Il souffrait de la difficulté que nous avons à nous faire entendre et à incliner les décisions politiques dans le sens du bien commun vaudois: «La Ligue vaudoise a un bon moteur, disait-il, mais la courroie de transmission est insuffisante.» Homme d’action, il incriminait notre manque d’énergie et d’organisation. Il voulait que nous en fassions plus, que nous soyons plus présents et plus efficaces. Son slogan préféré était: «Une Nation par semaine, une conférence par mois, une affiche par année!». Lié par sa profession à tout un monde officiel, il sous-estimait à notre avis la profondeur théorique et pratique qui nous sépare du monde des partis et des élections.

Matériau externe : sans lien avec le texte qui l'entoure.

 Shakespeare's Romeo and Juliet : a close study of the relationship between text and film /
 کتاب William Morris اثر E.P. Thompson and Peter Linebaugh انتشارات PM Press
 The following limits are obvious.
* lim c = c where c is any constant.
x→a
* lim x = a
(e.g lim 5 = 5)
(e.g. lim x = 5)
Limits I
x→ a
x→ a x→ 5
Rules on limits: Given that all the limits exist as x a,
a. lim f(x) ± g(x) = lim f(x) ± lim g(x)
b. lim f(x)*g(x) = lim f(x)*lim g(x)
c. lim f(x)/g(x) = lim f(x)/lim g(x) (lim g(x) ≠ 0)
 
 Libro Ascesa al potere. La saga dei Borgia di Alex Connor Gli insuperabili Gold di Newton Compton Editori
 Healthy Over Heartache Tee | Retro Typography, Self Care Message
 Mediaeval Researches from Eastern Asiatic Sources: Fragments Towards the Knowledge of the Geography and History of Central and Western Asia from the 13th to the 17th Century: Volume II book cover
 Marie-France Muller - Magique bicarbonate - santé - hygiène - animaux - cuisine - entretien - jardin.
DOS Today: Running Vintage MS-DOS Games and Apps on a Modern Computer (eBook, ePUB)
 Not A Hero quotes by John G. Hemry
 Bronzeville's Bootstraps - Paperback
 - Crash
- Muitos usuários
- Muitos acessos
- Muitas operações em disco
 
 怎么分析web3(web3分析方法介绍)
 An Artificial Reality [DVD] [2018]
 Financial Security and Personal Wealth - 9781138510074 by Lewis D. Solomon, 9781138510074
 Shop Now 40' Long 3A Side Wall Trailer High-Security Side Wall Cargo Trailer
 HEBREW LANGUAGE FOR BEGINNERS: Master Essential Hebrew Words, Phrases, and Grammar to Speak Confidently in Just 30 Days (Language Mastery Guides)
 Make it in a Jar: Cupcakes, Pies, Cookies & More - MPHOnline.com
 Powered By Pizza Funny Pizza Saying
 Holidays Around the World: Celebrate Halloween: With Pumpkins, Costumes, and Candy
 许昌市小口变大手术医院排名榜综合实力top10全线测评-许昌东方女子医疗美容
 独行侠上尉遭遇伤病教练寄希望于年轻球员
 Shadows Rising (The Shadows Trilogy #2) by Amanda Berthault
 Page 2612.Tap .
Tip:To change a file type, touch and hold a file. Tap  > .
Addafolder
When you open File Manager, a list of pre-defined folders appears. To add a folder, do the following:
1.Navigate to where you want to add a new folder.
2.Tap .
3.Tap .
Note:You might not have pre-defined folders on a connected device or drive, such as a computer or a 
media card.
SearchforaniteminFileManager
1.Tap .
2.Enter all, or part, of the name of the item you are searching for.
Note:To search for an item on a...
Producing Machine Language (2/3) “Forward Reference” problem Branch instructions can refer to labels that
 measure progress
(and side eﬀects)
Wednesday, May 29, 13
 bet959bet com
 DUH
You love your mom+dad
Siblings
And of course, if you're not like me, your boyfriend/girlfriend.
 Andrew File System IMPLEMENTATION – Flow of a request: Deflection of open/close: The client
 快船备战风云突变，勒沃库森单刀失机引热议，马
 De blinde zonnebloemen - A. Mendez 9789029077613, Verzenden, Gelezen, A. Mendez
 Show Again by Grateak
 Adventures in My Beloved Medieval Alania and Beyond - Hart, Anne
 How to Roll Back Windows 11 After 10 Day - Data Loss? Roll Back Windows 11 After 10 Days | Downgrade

Mais c’est avec raison qu’il nous houspillait: avions-nous pris contact avec tel nouveau politicien? qu’en était-il de nos relations avec la Suisse allemande? A quand la prochaine initiative?

Nos séances de rédaction commencent toujours par une critique du dernier numéro paru. Il était rarement satisfait. Sa critique portait tant sur les coquilles que sur le fond et l’opportunité. Politique pur, il jugeait que La Nation devait publier avant tout des articles sur le fédéralisme, l’armée, la justice, les sujets de votation et d’une façon générale sur les questions institutionnelles. D’un article consacré à la musique ou à la littérature, il disait: Oui, oui, c’est un article très intéressant, je ne le conteste pas, mais je ne vois pas ce qu’il fait dans La Nation…

Ces critiques, parfois excessives, manqueront. Les générations nées après la guerre – le soussigné en fait partie – sont bien vite satisfaites et se trouvent bien facilement des excuses.

Son dernier article parut dans le numéro 1838 du 6 juin 2008, sous le titre «Presse et justice». Passé cette date, Philibert Muret déclara n’avoir plus la capacité de concentration nécessaire à la synthèse rédactionnelle. Il continua pendant quelques temps de venir aux séances de rédaction, mais sa surdité croissante les lui rendait pénibles et, durant l’hiver rigoureux que nous subissons, il espaça puis supprima ses visites.

Et puis, il y a trois semaines, par un lundi soir de neige en rafales, on le vit arriver comme si de rien n’était. Il n’intervint pas, se bornant à assister à la discussion. Sentant la fin venir, il était venu prendre discrètement congé de ses amis, du journal et du mouvement auquel il avait tant donné.

Nous assurons sa femme, ses enfants et leurs familles de notre amitié. Nous perpétuerons sa mémoire.